PAGE LINKS

Overview

Jump To Page >

Dundee Ocean and Lake Frontiers Initiative and Neutrals (DOLFIN)

Overview

Climate change and related international agreements have important implications for extractives-led development.

DOLFIN is a research and know-how platform designed to support and strengthen the activities of the two existing natural resources centres (CEPMLP and the UNESCO Centre for Water Law, Policy and Science) and other departments of the University of Dundee, and to draw upon their expertise as well as external sources in a multi-disciplinary fashion by focusing on a field of study lying at the intersection of geoscience, international law and international relations, namely, the Law of the Sea, especially maritime boundary delimitation.

Example (YouTube) Videos

Kenya v Somalia (click on image below)

Somalia V Kenya

Côte d’Ivoire v Ghana (click on image below)

Ghana V Cote d'Ivorie

Data Source (for both images above): QGIS PI V13.14.16 (Sept.20,2020) OpenSource Software GIS Export / Satellite Image sub-meter © 2021 MAXAR Technologies.

Background‌

Fewer than half of the 500 or so potential maritime boundaries in the world have been agreed.
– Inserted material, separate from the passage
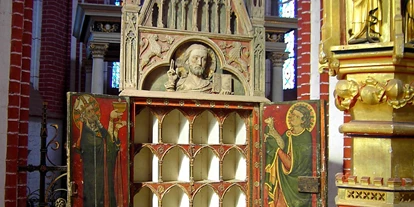 Reis met kinderen - Güstrow - Münster Bad Doberan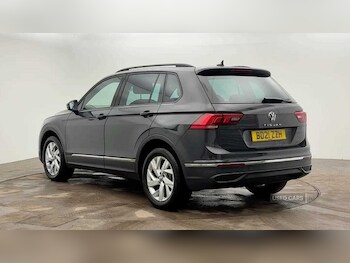 Used Volkswagen Tiguan 2021 for sale - 77659429: Photo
The complex process of agreeing and fixing boundaries or making provisional arrangements can be time-consuming and expensive but once agreed can significantly contribute to the economic wealth of the affected countries. Disputes over maritime boundaries, some involving lakes as opposed to seas, regularly flare up around the world and sometimes result in armed skirmishes. Lake Countries (at present nine major lakes in Africa have oil and gas blocks issued and/or being issued) and Coastal States with competing claims to maritime areas routinely grant oil and gas concessions in disputed waters without the investors being fully aware of the underlying inter-State dispute. Indeed, maritime boundary disputes form a misunderstood and frequently overlooked area of investment risk management in the energy sector.
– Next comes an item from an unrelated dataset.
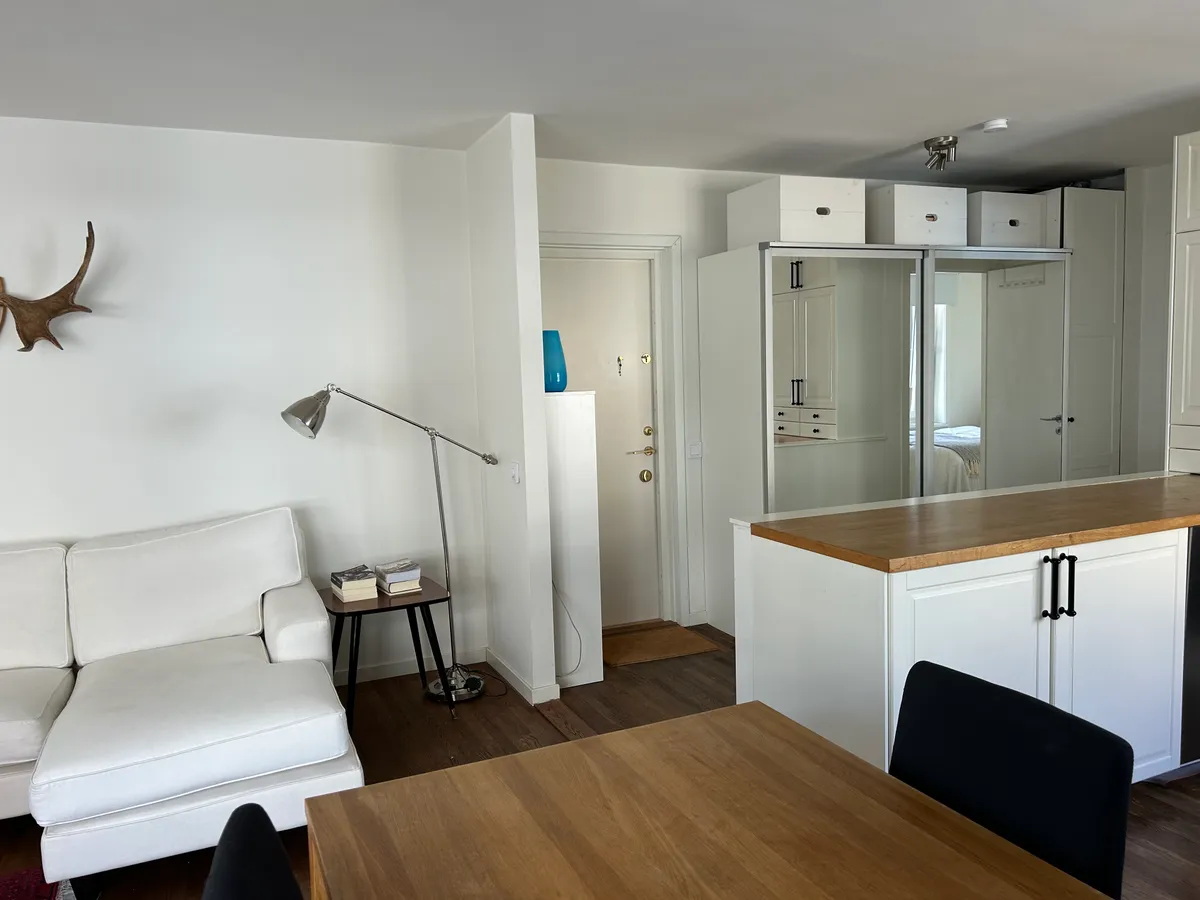 Hyreslägenhet på Stockholm i stockholm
The creation of maritime boundaries involves the use of geology, oceanography, technology, money, law, history, politics and diplomacy. The modern Law of the Sea (LOS), as codified in the 1982 United Nations Convention on the Law of the Sea (UNCLOS), and the determination of maritime boundaries and related matters of interest to more than 160 Coastal States and the energy, mining, fishing and telecommunications industries involve a mixture of law, science and diplomacy. This calls for a multi-disciplinary approach.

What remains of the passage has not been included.